The task: Print the lines of the listing below verbatim from its first line through the line bearing "I am going to". Any pictures are to be omitted.

------------------------------------------------------------

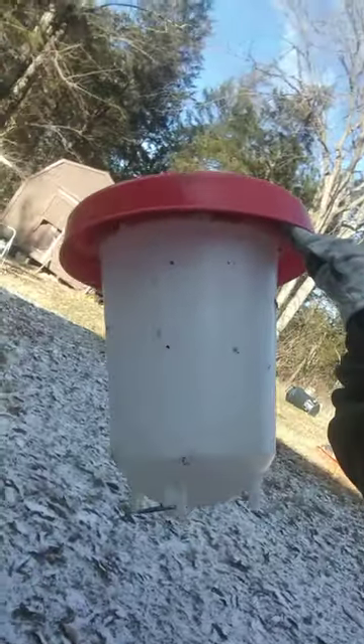It is below zero degrees outside and I'm dealing with the chickens — specifically how do you deal with water when it's really cold, below freezing. What I do is I keep a water jug in the house. I have two or three of these kept inside so that way it's unfrozen. I only put a half gallon of water in each one.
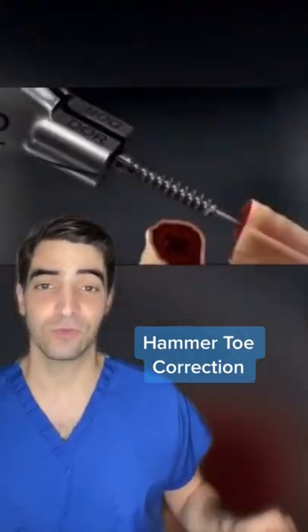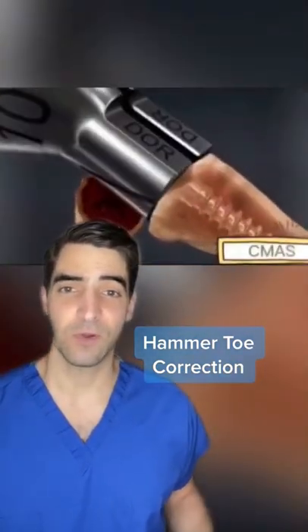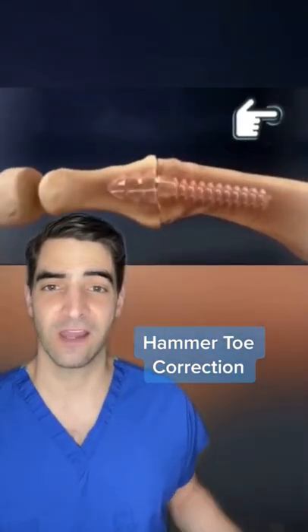An implant is then screwed into place. The other end of the bone is fit on top of this implant. The bones will fuse together and you'll have a straight toe.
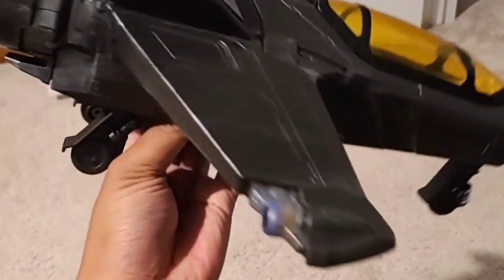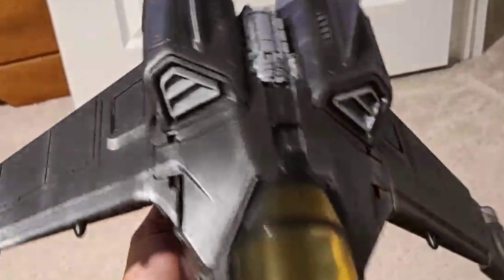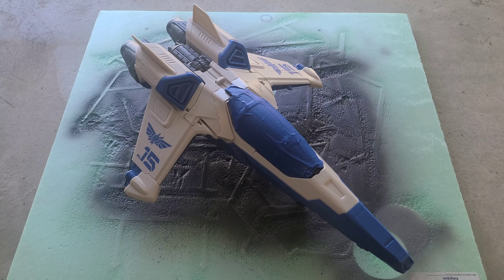This is a video on how I made this jet fighter airplane. First thing I did was take the Buzz Lightyear spaceship that's on sale right now.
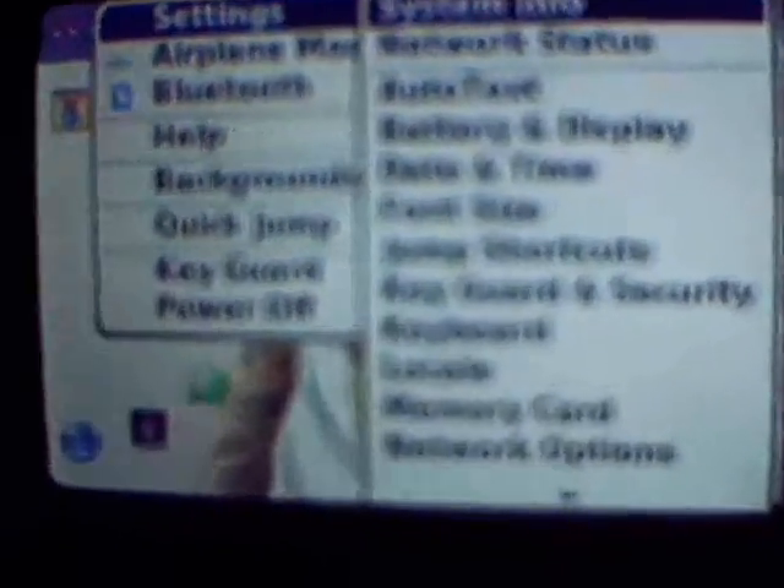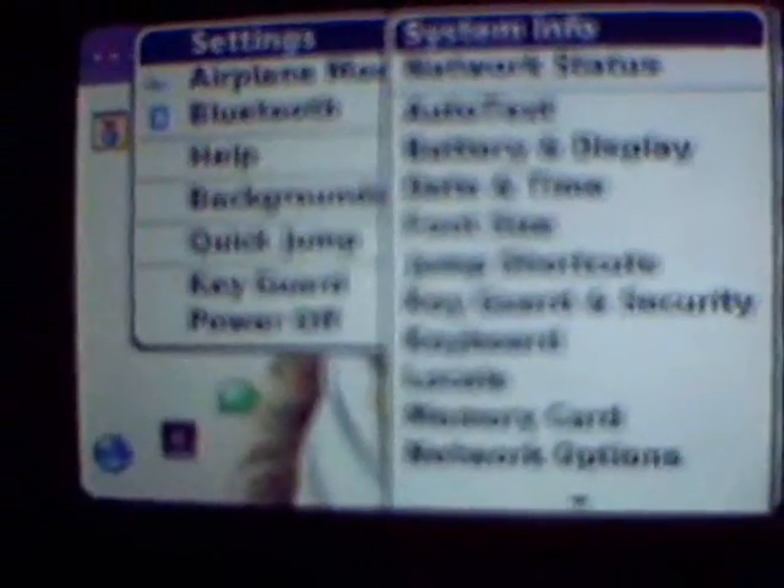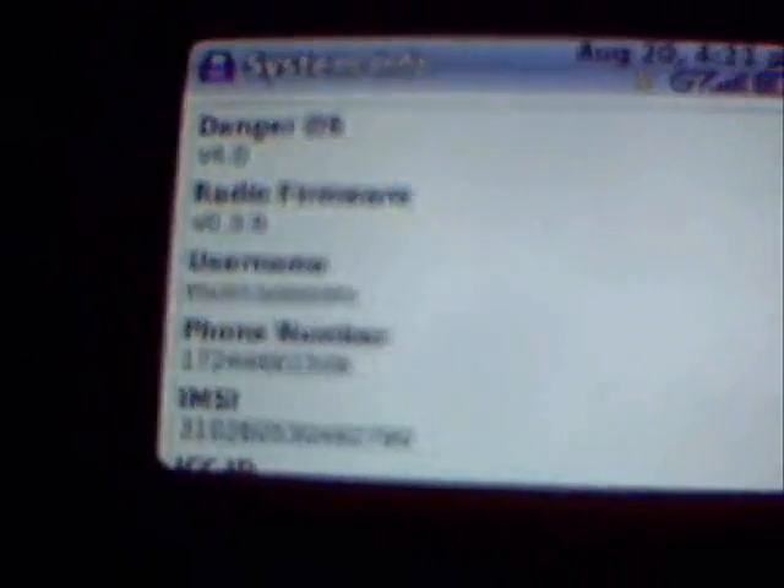Go to settings. After you go to settings, you're going to go to system info — that's the first selection up top. You're going to hold three keys: menu, shift, and D as in diagnostic. What that's going to do is bring you to the diagnostic test menu.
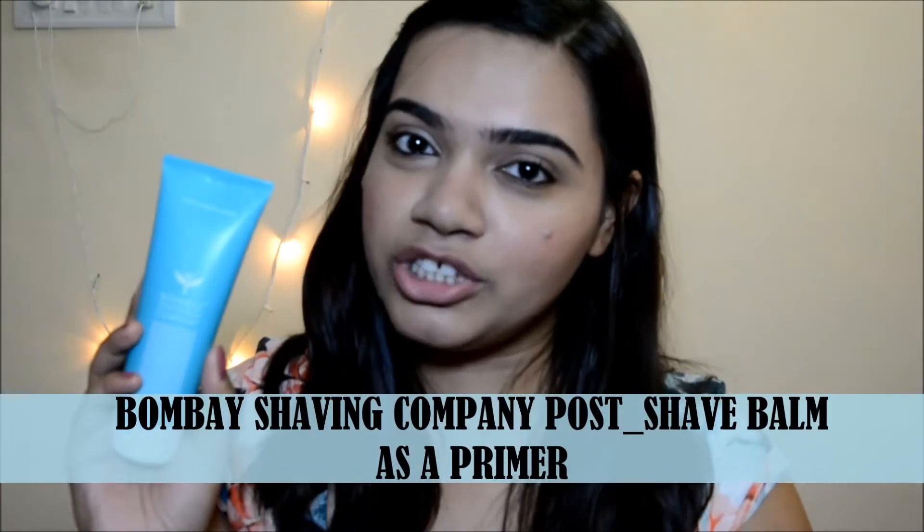Hi guys, it's Shweta here and welcome back to my channel. Today I will be reviewing for you guys the Bombay Shaving Company Pore Shave Balm as a primer and telling you guys all that I think about it, how it works as a primer, and whether it is a good primer or not.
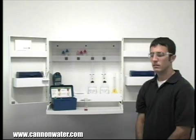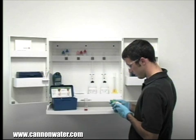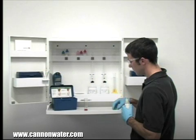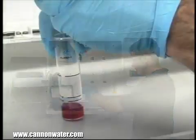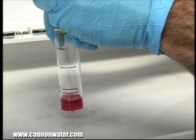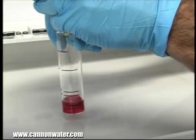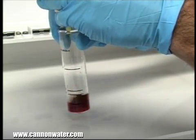The next step according to the endpoint ID procedure is to perform the titration. Each bottle of titrant is labeled with the equivalency and sample size it was manufactured for. It's important to make sure you have the proper titrant and the proper sample size for this titration. The bottle of titrant contains a dropper tip, therefore it's important to hold the bottle vertically to make sure you get a consistent drop size. After the addition of each drop of titrant, you want to swirl the vial to make sure the sample is properly mixed.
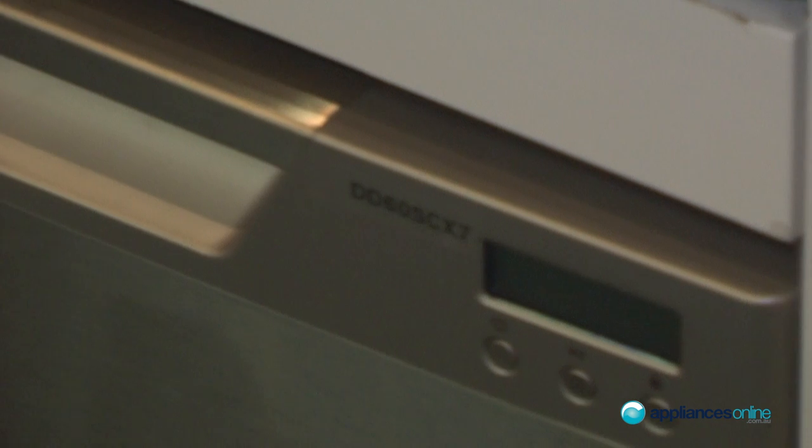Now we're going to look at the Fisher Paykel single dish drawer, totally unique to Fisher Paykel. This particular model comes in a variety of colours: white, stainless steel, and semi-integrated, which means you need to put your own cabinet door on the front.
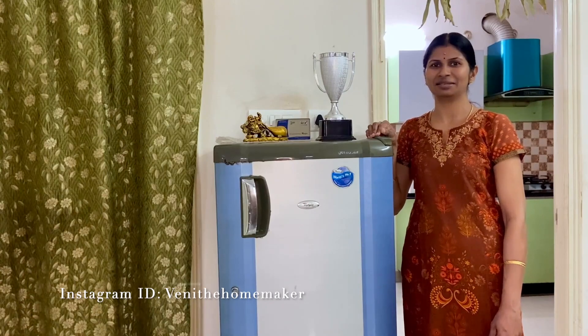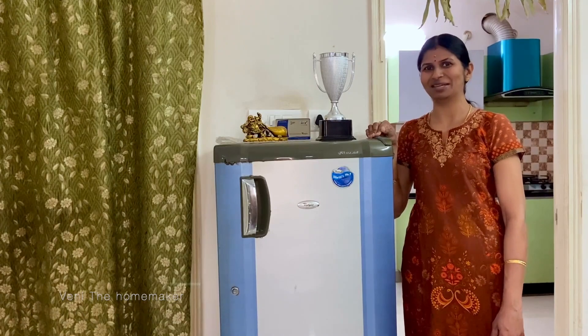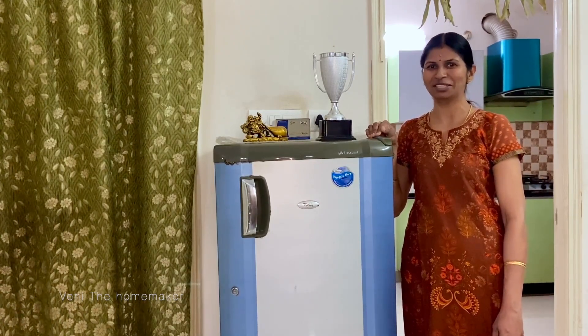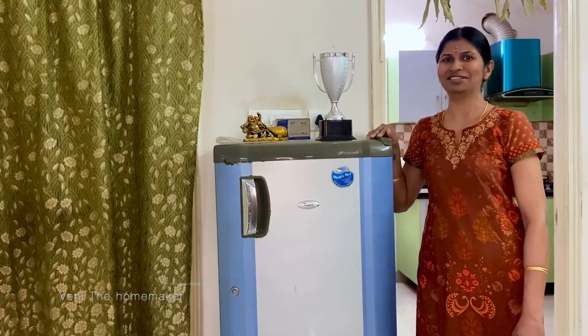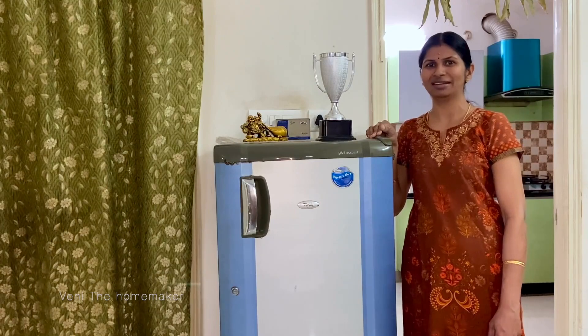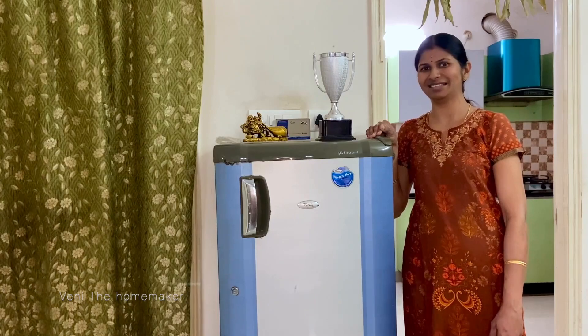I am going to clean the fridge monthly once, and share the review of this. Usually you will see new fridge reviews, but this fridge is 14 years old — a 2007 model. If you look at the brand and model, it is the Ball Pool Genius Excess.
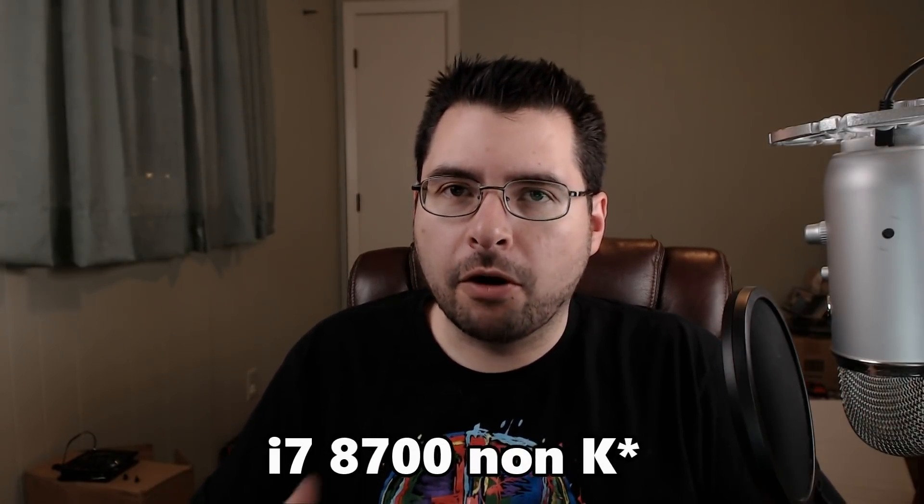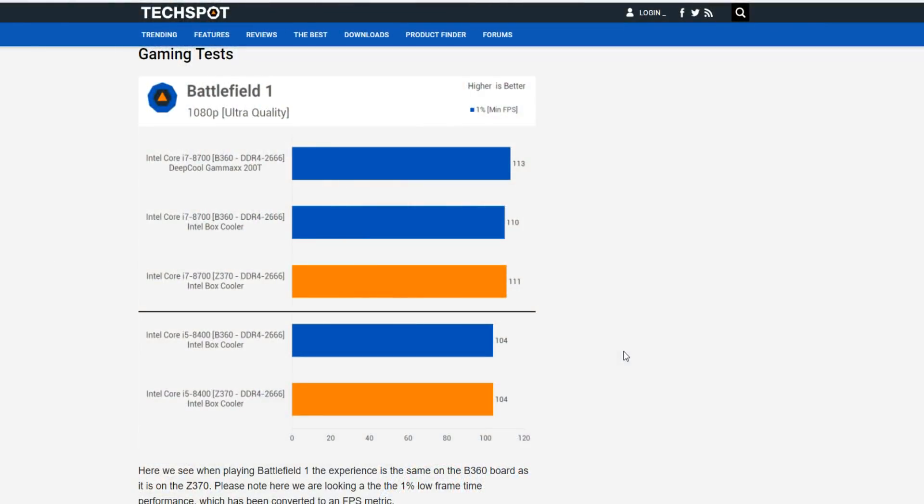With about a $100 price difference between them, does it make sense to go ahead and get the overclocking motherboard and the overclocking CPU? Let's take a look at how the 8400 compares to the 8700K. Steve over at Hardware Unboxed did a couple of benchmarks released just today. Looking at those two benchmarks, we can see the i7-8700 versus the i5-8400: 110–111 frames per second versus 104 frames per second — a 6 to 7 frame per second difference. Interestingly, there's literally no difference between the Z370 and the B360 motherboards.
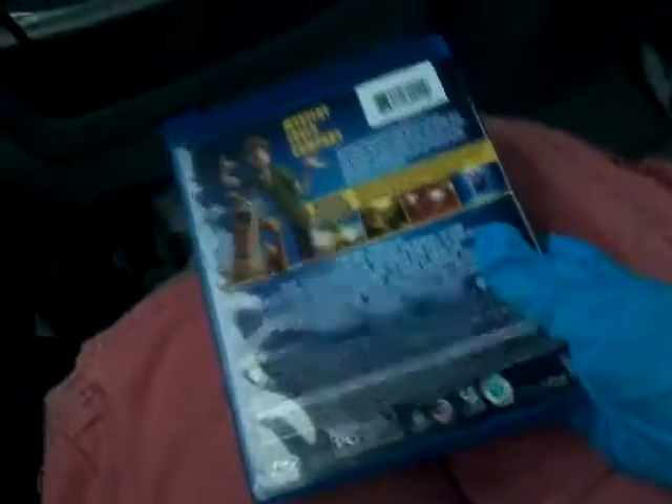Sorry if it's shaky — it's just that we're on the road right now. I got it out of the plastic, and now I'm gonna take it out. I flipped the code over so that way I wouldn't show y'all.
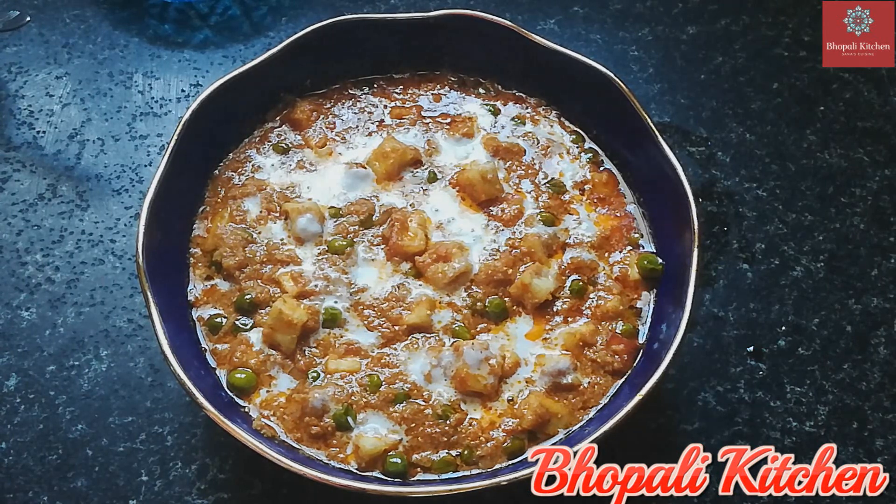I hope you like this recipe. Allah Hafiz.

------------------------------------------------------------

Result of this exercise:
It is below zero degrees outside and I'm dealing with the chickens — specifically how do you deal with water when it's really cold, below freezing. What I do is I keep a water jug in the house. I have two or three of these kept inside so that way it's unfrozen. I only put a half gallon of water in each one.
An implant is then screwed into place. The other end of the bone is fit on top of this implant. The bones will fuse together and you'll have a straight toe.
This is a video on how I made this jet fighter airplane. First thing I did was take the Buzz Lightyear spaceship that's on sale right now.
Go to settings. After you go to settings, you're going to go to system info — that's the first selection up top. You're going to hold three keys: menu, shift, and D as in diagnostic. What that's going to do is bring you to the diagnostic test menu.
Hi guys, it's Shweta here and welcome back to my channel. Today I will be reviewing for you guys the Bombay Shaving Company Pore Shave Balm as a primer and telling you guys all that I think about it, how it works as a primer, and whether it is a good primer or not.
The next step according to the endpoint ID procedure is to perform the titration. Each bottle of titrant is labeled with the equivalency and sample size it was manufactured for. It's important to make sure you have the proper titrant and the proper sample size for this titration. The bottle of titrant contains a dropper tip, therefore it's important to hold the bottle vertically to make sure you get a consistent drop size. After the addition of each drop of titrant, you want to swirl the vial to make sure the sample is properly mixed.
Now we're going to look at the Fisher Paykel single dish drawer, totally unique to Fisher Paykel. This particular model comes in a variety of colours: white, stainless steel, and semi-integrated, which means you need to put your own cabinet door on the front.
I am going to clean the fridge monthly once, and share the review of this. Usually you will see new fridge reviews, but this fridge is 14 years old — a 2007 model. If you look at the brand and model, it is the Ball Pool Genius Excess.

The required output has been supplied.